**YOUR OBJECTIVE**
Reproduce each line of the entries that carries "Chapter".

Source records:
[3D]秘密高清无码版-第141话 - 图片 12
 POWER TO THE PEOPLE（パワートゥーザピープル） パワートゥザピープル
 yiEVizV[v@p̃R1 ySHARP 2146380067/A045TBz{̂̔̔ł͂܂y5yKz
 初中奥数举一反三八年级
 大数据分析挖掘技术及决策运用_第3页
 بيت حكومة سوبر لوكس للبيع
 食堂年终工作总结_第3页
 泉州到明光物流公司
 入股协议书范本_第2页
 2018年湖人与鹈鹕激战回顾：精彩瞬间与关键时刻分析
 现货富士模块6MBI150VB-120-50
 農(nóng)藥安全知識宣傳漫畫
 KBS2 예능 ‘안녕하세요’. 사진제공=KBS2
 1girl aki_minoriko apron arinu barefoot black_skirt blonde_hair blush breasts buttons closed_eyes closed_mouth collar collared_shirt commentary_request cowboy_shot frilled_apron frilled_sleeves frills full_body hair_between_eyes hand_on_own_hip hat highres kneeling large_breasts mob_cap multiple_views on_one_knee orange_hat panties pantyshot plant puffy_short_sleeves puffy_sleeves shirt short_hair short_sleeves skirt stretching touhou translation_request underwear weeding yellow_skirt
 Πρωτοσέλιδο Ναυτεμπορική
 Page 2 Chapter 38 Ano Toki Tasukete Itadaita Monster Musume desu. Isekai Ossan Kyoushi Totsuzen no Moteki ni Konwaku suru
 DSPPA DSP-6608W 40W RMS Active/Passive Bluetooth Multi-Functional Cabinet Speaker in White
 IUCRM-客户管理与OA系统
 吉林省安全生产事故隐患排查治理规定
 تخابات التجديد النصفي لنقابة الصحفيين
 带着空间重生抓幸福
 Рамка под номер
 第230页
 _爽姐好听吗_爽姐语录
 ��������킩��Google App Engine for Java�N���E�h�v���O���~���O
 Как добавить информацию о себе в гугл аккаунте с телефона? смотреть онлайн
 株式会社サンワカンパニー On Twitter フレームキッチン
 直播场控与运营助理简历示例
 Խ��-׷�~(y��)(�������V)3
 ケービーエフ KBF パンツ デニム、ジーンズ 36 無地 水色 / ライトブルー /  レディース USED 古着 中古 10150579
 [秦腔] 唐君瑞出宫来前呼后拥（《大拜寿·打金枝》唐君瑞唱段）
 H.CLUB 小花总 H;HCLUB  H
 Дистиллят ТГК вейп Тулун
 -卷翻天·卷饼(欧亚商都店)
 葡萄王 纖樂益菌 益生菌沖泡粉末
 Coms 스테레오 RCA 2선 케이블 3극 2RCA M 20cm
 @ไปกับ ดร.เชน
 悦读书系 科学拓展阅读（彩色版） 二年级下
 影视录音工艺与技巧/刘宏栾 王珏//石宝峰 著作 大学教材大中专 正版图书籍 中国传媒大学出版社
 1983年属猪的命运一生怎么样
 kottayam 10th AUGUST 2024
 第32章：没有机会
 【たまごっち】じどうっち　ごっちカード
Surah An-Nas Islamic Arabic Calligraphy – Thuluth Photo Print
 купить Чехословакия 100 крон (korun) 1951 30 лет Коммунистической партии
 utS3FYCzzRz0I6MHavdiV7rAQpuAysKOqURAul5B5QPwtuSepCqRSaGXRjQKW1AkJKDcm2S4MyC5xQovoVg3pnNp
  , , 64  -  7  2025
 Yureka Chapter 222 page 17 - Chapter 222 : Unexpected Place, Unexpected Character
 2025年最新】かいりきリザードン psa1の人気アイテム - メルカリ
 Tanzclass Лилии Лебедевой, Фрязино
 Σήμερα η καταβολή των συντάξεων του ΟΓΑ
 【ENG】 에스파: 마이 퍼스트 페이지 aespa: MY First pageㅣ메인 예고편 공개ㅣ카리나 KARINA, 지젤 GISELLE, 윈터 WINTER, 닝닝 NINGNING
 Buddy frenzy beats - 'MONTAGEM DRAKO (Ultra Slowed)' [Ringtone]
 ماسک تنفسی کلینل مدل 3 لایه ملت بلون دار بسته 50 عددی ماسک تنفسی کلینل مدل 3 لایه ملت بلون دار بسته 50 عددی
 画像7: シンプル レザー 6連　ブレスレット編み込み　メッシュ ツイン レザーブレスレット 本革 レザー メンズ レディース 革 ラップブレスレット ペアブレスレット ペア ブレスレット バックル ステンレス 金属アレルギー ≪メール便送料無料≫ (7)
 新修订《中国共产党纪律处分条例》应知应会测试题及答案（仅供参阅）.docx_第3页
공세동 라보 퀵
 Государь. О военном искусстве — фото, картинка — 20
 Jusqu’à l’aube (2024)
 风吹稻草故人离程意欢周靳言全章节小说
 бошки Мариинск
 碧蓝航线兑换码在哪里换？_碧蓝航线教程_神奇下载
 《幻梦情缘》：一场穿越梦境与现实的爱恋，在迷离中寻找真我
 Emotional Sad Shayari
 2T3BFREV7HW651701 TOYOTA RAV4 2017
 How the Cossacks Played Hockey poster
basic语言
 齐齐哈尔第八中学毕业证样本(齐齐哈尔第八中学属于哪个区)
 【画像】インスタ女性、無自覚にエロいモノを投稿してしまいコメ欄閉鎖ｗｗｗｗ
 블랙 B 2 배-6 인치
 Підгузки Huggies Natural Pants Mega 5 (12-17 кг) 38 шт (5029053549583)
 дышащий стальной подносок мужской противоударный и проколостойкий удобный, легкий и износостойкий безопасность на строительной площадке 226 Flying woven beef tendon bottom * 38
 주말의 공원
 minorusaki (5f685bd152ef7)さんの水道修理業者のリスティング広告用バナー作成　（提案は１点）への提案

**RESPONSE AREA**
 Page 2 Chapter 38 Ano Toki Tasukete Itadaita Monster Musume desu. Isekai Ossan Kyoushi Totsuzen no Moteki ni Konwaku suru
 Yureka Chapter 222 page 17 - Chapter 222 : Unexpected Place, Unexpected Character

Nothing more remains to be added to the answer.